I realize by your last post that you'd prefer to make a graceful exit from this thread. I'd just like to make a few points that may not have been explicitly stated by the other replies.

First: I don't think your thread question is as precise as you would have liked. Specifically, you can't "fix" bad sectors with a piece of software. To actually repair a bad sector on a hard drive, you would need to replace the platter where the failed sector resides--physically opening the drive. Of course, ripping out the platter with the bad sector would mean you ripped out all the other good sectors on that platter--and their data along with them. If you've ever opened up an actual drive before, you know how tightly packed those platters are. Given that physical damage to a platter can make the data in the affected areas unreadable, replacing platters is not practical. In addition to that, replacing the platter may not fix the cause of the problem. It may be that the read/write heads are contacting the platter because of some mechanical component that's failing.

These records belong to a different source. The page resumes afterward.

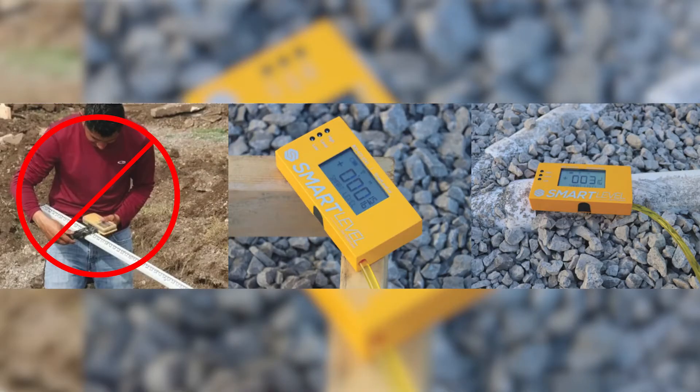What Smart Level does is you zero the level at your starting point, so you're starting everything with a zero reference. It gives you a digital readout in inches and fractions of an inch, so all of your readings are easily understood by anyone. I had a 10-year-old level the base grade for a swimming pool one time with Smart Level — it is that easy.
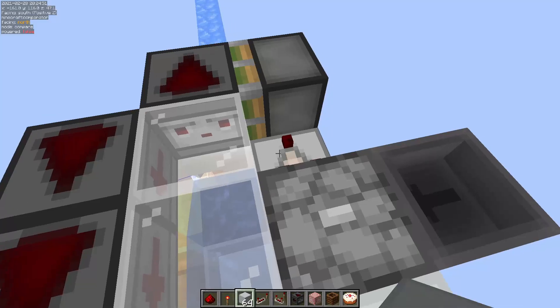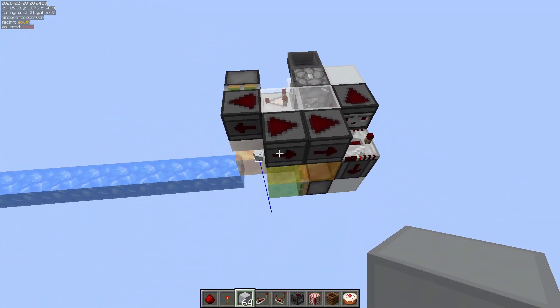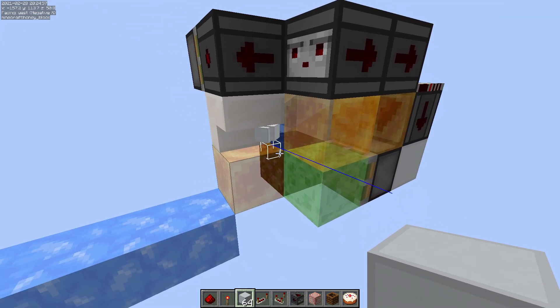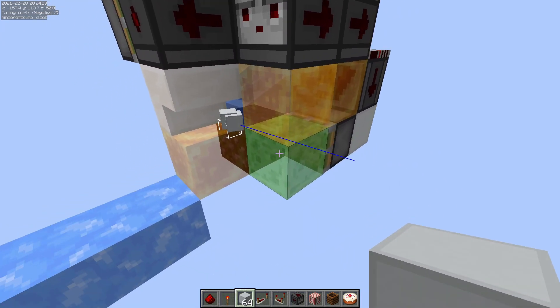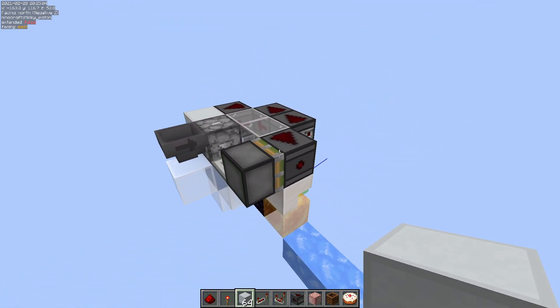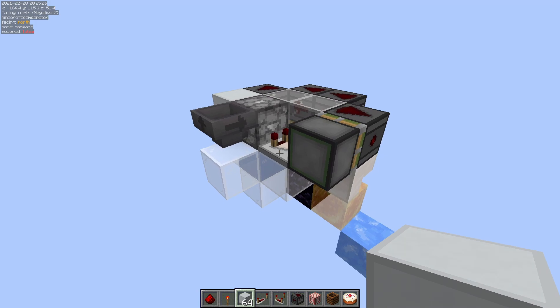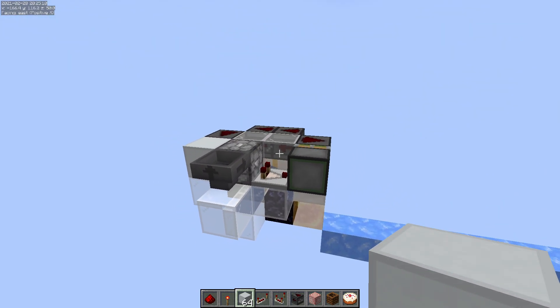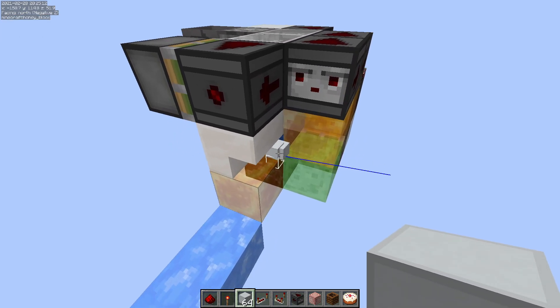Anyway, this system has got a little bit of a flaw — you can see it right here. Whenever it stops going, it doesn't push this last little bit out. So while this is a rather simple system, I had to go a little bit crazier to finish off and handle that last little edge case.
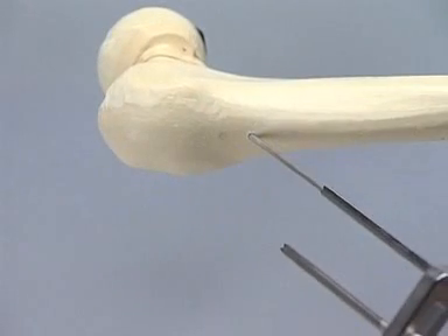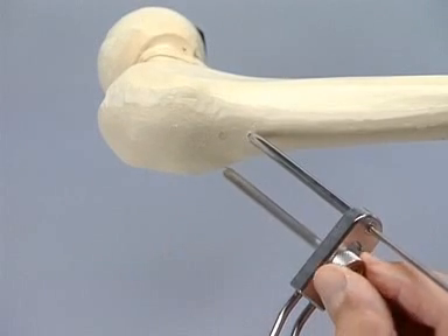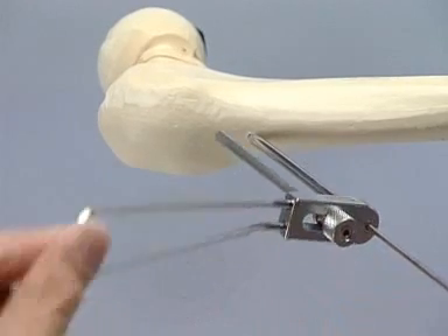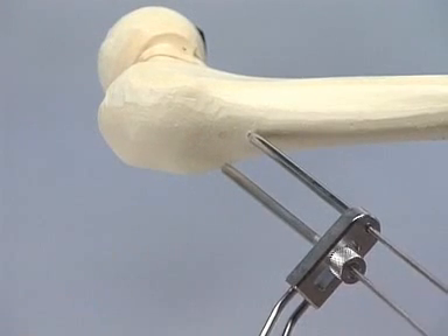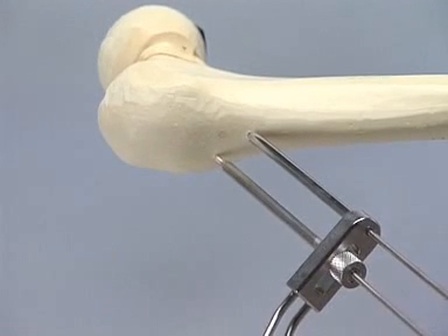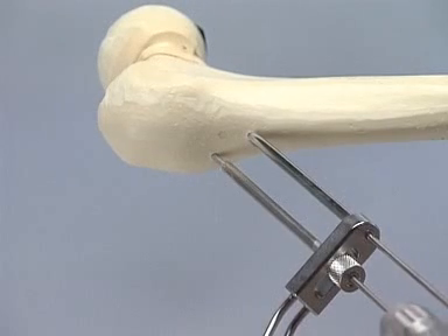We now use the new parallel wire guide. The movable sleeve may be locked at a certain distance and rotated around the first wire, always remaining parallel to it. We now introduce the second and third guide wire in the desired position. The reduction and placement of the guide wires is once more checked with fluoroscopy in two planes.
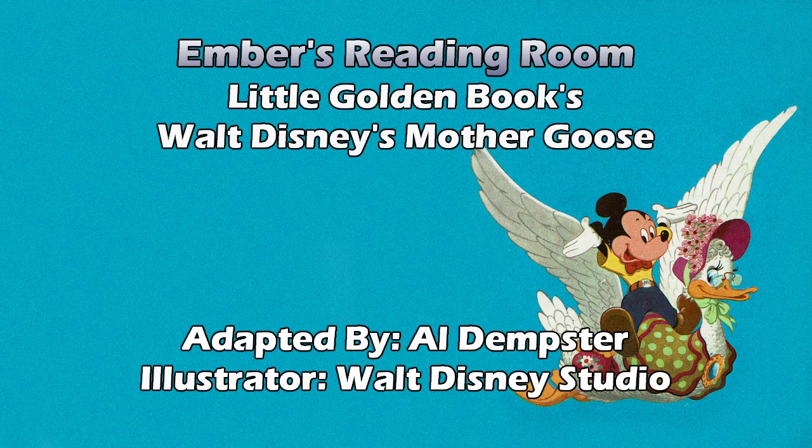Bobby Shafto's gone to sea, silver buckles at his knee. He'll come back and marry me, pretty Bobby Shafto. But he's a pirate? The picture looks like pirate, but the rhyme just says 'gone to sea.' Though I must say, even though this was way before Pirates of the Caribbean, his outfit kind of reminds me of Jack Sparrow. Pirates of the Caribbean the movie franchise was inspired by the ride, and Jack Sparrow's look was specifically crafted by Johnny Depp — but his choices here remind me a lot of that.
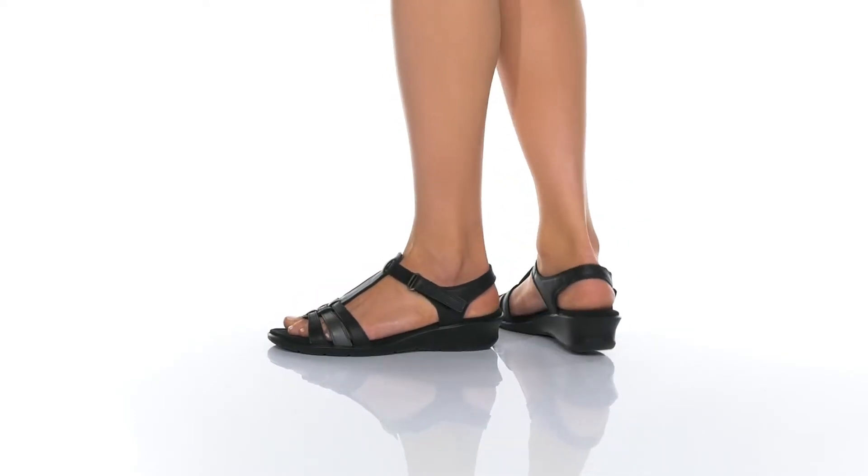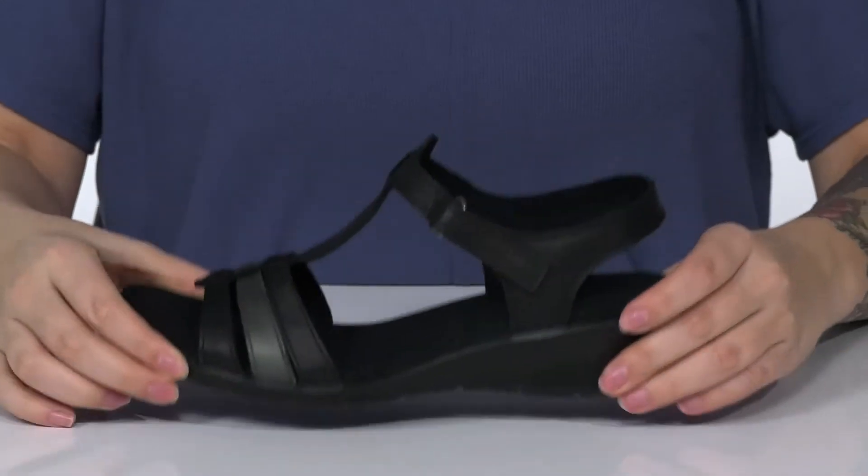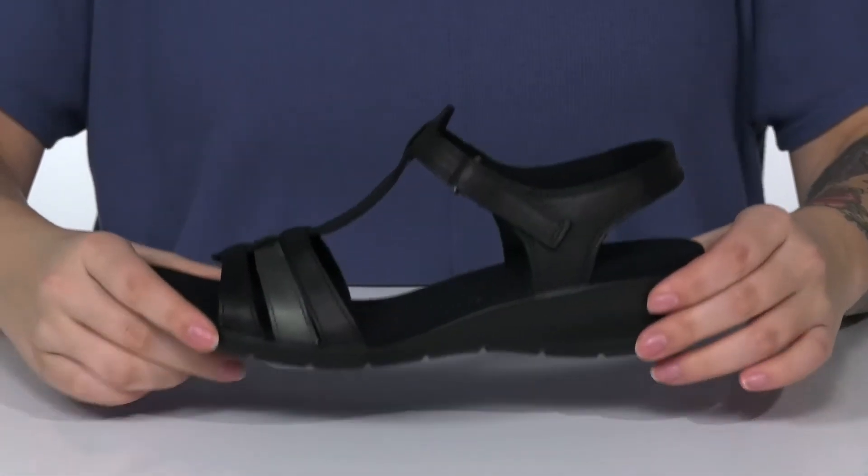These sandals have a leather upper with a textile inner lining. The footbed is lightly cushioned for comfort. On the side, there is an adjustable hook and loop strap that will also allow you to slip these on very easily.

Second: Understand that spinrite does not fix bad sectors for all the reasons I mentioned above. The spinrite software does two things: (1) write testing and (2) filesystem modification. If the write testing gives bad results, the filesystem is modified to add the sector to the "do not use" sector list. That's all. It's the hard drive equivalent of:
Quote:
Patient: Doc, it hurts when I do this
Doc: Then don't do that anymore
So, if by "fix" you meant this type of behavior, then yes, there should be plenty of tools for Linux that do this. I believe fsck can mark bad sectors, but as stated in an earlier reply, any purchaser of the drive that performs a filesystem change/format will lose that "do not use" sector list unless they too run a surface check for bad sectors when they make the change.

I don't want to come off as bad-mouthing spinrite. It may have some very sophisticated testing techniques, but it cannot repair bad sectors. If you believe in the spinrite's website because the author is touted as a computer engineer and computer scientist, then trust me too: I am a computer engineer and I worked at HP/Compaq in their SCSI-RAID product development team (part of the SmartArray line). I personally wrote testing software for our new prototype boards that did everything the spinrite website claims their software does. We had to determine whether testing failures in the prototype were logic failures in the new design or physical failures of the drive(s) or host machine in our Device Under Test. That software wrote each and every sector of every drive multiple times with various data patterns. That data pattern would be something like walking 1's, walking 0's, all 1's, all 0's, or random data. Then each sector was read back and verified after making sure there would be no cache-hits for the drives.

I can personally guarantee you, there was no binary data set that could be written to a sector that would repair any sector that had gone bad. And there's nothing spinrite can do with the drive other than read and write data.

Like I said, spinrite may be some great software, but make sure that you understand what it does for you: analysis--not repair.

Last edited by Dark_Helmet; 01-25-2012 at 11:41 PM.